[KV Cache] fix per channel shape

evian · evian · commit a8faf8dce72f · 2025-08-04T22:08:15.000+08:00
Signed-off-by: evian &lt;eviantai@u.nus.edu&gt;
diff --git a/src/llmcompressor/modifiers/quantization/cache.py b/src/llmcompressor/modifiers/quantization/cache.py
@@ -94,7 +94,8 @@ def update(
             _pad_and_append_at_idx_(self.k_observers, layer_idx, k_observer)
             _pad_and_append_at_idx_(self.v_observers, layer_idx, v_observer)
 
-        if key_states.dim() == 4:
+        kv_states_dim = key_states.dim()

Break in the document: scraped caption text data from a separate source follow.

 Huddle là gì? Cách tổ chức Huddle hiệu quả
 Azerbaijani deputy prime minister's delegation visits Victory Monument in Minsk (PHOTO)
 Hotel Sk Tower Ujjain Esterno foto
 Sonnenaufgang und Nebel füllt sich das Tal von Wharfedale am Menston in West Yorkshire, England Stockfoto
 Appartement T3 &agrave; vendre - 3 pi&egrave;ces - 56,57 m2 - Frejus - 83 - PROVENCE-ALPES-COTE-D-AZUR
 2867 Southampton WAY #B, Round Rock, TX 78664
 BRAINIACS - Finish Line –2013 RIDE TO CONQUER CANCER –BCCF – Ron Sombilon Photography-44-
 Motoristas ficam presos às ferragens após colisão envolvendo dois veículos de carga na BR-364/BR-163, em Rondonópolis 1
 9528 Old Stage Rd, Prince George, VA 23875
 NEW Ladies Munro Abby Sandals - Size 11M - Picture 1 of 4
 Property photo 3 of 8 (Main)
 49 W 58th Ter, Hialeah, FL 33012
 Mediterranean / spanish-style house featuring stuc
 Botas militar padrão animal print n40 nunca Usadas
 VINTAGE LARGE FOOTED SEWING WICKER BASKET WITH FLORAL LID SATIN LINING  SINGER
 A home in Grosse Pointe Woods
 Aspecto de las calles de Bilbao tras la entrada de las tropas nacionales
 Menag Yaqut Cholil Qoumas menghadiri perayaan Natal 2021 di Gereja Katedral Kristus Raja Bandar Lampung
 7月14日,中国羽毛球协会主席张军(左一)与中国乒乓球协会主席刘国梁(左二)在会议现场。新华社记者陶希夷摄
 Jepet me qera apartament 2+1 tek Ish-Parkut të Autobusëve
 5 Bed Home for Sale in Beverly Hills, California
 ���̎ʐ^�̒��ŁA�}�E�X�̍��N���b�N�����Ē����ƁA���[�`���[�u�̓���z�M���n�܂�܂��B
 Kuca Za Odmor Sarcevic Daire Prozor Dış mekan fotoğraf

+        if kv_states_dim == 4:
             # reshape for per channel scenario
             num_heads = key_states.shape[1]
             head_dim = key_states.shape[-1]
@@ -115,7 +116,7 @@ def update(
             q_value_states, KVCacheScaleType.VALUE, layer_idx
         )
 
-        if key_states.dim() == 4:
+        if kv_states_dim == 4:
             # reshape for per channel scenario
             # from [batch_size, seq_len - residual_length, num_heads * head_dim]
             # to [batch_size, num_heads, seq_len - residual_length, head_dim]
diff --git a/src/llmcompressor/modifiers/quantization/calibration.py b/src/llmcompressor/modifiers/quantization/calibration.py
@@ -256,6 +256,9 @@ def calibrate_kv_cache_output_hook(module: Module, _args: Any, _output: torch.Te
     kv_cache = getattr(module, "kv_cache")
     k_scale = kv_cache.k_scales[module.layer_idx]
     v_scale = kv_cache.v_scales[module.layer_idx]
+    if kv_cache.quantization_args.strategy == QuantizationStrategy.CHANNEL:
+        k_scale = k_scale.unsqueeze(-1)
+        v_scale = v_scale.unsqueeze(-1)
     update_parameter_data(module, k_scale, KVCacheScaleType.KEY.value)
     update_parameter_data(module, v_scale, KVCacheScaleType.VALUE.value)